Start of The records
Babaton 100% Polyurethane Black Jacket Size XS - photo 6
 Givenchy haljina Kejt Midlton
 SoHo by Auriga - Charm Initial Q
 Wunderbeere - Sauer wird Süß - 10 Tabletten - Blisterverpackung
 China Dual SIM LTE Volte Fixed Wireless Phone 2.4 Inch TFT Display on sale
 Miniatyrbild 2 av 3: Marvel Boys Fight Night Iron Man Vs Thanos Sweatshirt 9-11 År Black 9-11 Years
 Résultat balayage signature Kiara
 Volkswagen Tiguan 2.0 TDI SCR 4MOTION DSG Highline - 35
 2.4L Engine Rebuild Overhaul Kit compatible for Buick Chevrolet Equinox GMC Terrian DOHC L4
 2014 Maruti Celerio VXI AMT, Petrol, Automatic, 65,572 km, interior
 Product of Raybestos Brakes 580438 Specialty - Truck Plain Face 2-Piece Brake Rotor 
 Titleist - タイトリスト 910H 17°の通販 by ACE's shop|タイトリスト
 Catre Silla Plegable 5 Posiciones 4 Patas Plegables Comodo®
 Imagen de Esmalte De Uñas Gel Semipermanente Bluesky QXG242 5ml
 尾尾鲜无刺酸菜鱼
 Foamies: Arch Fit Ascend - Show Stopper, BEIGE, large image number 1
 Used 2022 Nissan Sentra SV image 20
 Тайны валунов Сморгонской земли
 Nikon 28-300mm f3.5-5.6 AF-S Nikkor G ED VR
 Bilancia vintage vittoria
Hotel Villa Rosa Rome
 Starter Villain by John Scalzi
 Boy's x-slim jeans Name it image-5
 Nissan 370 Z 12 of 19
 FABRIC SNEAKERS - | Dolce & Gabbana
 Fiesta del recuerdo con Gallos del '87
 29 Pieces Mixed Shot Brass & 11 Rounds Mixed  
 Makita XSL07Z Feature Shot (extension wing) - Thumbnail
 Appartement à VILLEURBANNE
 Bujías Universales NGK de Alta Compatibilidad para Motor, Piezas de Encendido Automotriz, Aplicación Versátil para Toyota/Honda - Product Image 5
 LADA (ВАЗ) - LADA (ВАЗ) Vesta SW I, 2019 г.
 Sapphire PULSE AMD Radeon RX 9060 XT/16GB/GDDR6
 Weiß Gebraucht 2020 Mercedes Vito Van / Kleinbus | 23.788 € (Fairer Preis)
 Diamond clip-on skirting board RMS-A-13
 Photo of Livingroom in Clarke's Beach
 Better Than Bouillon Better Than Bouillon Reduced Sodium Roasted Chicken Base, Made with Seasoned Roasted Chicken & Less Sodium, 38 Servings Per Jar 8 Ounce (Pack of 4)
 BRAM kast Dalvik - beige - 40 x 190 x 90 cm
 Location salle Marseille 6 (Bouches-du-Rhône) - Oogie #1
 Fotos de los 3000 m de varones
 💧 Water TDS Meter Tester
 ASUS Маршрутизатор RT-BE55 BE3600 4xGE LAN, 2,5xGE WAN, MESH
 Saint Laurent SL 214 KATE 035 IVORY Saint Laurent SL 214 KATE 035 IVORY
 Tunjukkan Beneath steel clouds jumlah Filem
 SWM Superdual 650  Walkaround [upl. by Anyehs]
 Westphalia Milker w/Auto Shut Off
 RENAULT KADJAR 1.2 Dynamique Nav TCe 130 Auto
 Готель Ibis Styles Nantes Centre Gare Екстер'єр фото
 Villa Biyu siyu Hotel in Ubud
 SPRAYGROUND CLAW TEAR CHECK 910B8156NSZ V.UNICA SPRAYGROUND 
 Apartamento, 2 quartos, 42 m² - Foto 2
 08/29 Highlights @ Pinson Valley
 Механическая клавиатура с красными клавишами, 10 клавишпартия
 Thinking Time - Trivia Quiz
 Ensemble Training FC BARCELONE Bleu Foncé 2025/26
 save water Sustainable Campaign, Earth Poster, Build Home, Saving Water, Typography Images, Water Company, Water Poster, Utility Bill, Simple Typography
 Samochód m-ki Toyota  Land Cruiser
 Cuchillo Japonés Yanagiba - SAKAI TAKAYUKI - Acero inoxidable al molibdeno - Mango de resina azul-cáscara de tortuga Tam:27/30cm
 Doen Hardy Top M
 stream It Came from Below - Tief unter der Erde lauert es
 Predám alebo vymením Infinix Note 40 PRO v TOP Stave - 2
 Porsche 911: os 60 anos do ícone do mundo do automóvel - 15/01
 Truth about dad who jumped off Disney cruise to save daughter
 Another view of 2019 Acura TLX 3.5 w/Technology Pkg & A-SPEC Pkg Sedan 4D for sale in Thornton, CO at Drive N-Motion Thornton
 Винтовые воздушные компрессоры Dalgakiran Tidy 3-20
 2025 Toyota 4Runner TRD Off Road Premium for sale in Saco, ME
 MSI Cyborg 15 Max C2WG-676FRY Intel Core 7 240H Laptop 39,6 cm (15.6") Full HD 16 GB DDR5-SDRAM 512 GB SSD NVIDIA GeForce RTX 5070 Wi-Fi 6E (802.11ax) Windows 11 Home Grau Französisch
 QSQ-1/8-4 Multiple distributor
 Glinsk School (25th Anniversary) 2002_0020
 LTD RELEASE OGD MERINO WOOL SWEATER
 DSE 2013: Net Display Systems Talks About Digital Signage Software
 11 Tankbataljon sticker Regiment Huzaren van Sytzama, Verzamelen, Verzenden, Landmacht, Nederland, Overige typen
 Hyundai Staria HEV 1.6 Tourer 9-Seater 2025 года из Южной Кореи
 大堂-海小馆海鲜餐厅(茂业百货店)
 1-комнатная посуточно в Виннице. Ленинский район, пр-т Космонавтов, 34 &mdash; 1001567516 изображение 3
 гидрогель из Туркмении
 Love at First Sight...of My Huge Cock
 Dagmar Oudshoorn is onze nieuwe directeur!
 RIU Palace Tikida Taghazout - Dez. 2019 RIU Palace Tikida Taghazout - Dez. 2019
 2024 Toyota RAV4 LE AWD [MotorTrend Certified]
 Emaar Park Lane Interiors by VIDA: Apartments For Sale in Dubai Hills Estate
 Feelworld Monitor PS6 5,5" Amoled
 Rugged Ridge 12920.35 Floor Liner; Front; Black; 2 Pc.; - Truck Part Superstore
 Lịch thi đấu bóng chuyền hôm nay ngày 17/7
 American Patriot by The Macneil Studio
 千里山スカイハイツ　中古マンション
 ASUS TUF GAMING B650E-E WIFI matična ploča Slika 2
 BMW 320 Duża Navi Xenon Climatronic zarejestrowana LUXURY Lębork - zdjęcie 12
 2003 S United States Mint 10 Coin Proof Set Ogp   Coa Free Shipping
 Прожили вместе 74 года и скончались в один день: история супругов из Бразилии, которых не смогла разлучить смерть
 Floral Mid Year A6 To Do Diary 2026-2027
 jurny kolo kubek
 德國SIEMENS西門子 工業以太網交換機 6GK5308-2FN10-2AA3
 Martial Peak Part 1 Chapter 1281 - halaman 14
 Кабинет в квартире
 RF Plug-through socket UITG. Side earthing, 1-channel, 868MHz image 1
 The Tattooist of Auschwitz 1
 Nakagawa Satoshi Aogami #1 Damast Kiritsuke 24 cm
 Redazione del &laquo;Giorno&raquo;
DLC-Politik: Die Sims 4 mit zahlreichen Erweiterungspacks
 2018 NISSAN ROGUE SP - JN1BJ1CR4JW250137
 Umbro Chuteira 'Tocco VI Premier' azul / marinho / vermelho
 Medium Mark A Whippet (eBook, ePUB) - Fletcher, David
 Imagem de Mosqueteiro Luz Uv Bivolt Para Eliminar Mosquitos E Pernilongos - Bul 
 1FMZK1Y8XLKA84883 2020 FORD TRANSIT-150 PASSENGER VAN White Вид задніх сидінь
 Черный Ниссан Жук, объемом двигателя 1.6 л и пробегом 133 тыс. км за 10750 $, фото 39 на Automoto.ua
End of The records
Exercise requirements — Return the lines exactly as they stand, please. Start at the top of the material and finish with the line where "Imagen de Esmalte" appears.

Result —
Babaton 100% Polyurethane Black Jacket Size XS - photo 6
 Givenchy haljina Kejt Midlton
 SoHo by Auriga - Charm Initial Q
 Wunderbeere - Sauer wird Süß - 10 Tabletten - Blisterverpackung
 China Dual SIM LTE Volte Fixed Wireless Phone 2.4 Inch TFT Display on sale
 Miniatyrbild 2 av 3: Marvel Boys Fight Night Iron Man Vs Thanos Sweatshirt 9-11 År Black 9-11 Years
 Résultat balayage signature Kiara
 Volkswagen Tiguan 2.0 TDI SCR 4MOTION DSG Highline - 35
 2.4L Engine Rebuild Overhaul Kit compatible for Buick Chevrolet Equinox GMC Terrian DOHC L4
 2014 Maruti Celerio VXI AMT, Petrol, Automatic, 65,572 km, interior
 Product of Raybestos Brakes 580438 Specialty - Truck Plain Face 2-Piece Brake Rotor 
 Titleist - タイトリスト 910H 17°の通販 by ACE's shop|タイトリスト
 Catre Silla Plegable 5 Posiciones 4 Patas Plegables Comodo®
 Imagen de Esmalte De Uñas Gel Semipermanente Bluesky QXG242 5ml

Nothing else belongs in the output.